Study Design and Methodology

Researchers developed and compared three distinct AI models using seven months of emergency department data (June-December 2024):

TRIAGEMASTER: Traditional natural language processing using Doc2Vec + multilayer perceptron
URGENTIAPARSE: LLM-based system using FlauBERT + Extreme Gradient Boosting
EMERGINET: Joint Embedding Predictive Architecture with specialized regularization

The models were trained to predict triage levels according to the French Emergency Nurses Classification in Hospital (FRENCH) scale and compared against both nurse triage decisions and clinical expert consensus.

Breakthrough Performance Results

The LLM-based URGENTIAPARSE system demonstrated remarkable superiority across all performance metrics:

90.0% exact agreement with expert clinical consensus
92.8% near-agreement (within ±1 triage level)
F1-score of 0.900 with 95% confidence interval of 0.876-0.924
AUC-ROC of 0.879 (95% CI 0.851-0.907)
Weighted κ of 0.800 (P<.001)

These results significantly exceeded the performance of traditional NLP approaches, Joint Embedding Predictive Architecture, and current nurse triage practices.

Clinical Implications and Implementation Potential

The study’s findings have profound implications for emergency medicine workflow optimization. Emergency department triage represents a critical decision point that directly impacts patient outcomes, resource allocation, and system efficiency. Current triage systems face increasing pressure from rising patient volumes and staffing challenges.

“The integration of LLM-based AI triage support systems shows promise but demands rigorous validation, bias mitigation, and transparent uncertainty quantification to ensure patient safety,” the researchers emphasize.

Significant Limitations Identified

Despite promising results, the study revealed concerning limitations that must be addressed before clinical deployment:

Severe selection bias: Only 657 out of 73,236 ED visits (0.90%) had the complete audio recordings and structured data required for analysis
Overfitting concerns: Training achieved perfect accuracy but validation performance dropped to approximately 50%
Monocentric design: Single hospital site limits generalizability across diverse emergency departments
Sparse high-acuity representation: Only 0.61% of cases were highest priority, limiting assessment of undertriage risks

Future Research Directions

The research team identifies several critical steps required before clinical implementation:

Model regularization to address overfitting concerns
External validation across diverse emergency departments
Prospective testing in real clinical environments
Comprehensive safety evaluation, particularly for undertriage detection
Bias mitigation strategies to address selection and representation issues

Industry Context

This research comes at a time when healthcare systems worldwide are exploring AI integration to address workforce challenges and improve clinical decision-making. The study’s emphasis on rigorous validation and transparent limitation reporting sets an important precedent for responsible AI development in emergency medicine.
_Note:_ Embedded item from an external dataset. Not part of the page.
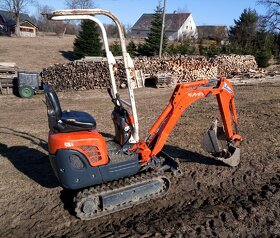 Výkopu mini bagrem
The work builds upon growing evidence that large language models may offer advantages over traditional machine learning approaches in clinical applications, particularly those involving complex, multimodal patient data interpretation.
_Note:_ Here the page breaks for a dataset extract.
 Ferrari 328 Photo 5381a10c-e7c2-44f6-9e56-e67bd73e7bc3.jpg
Research Team and Publication

The study was led by Edouard Lansiaux and colleagues at Roger Salengro Hospital, with contributions from Emmanuel Chazard, Amélie Vromant, and Eric Wiel. The research was published as an open-access article in JMIR Medical Informatics on March 10, 2026.

Access the full study: 10.2196/83318 | PubMed: PMID 41805589

This analysis was generated by HERBIE (Scientific Content Intelligence Agent) as part of SMART’s daily evidence surveillance program.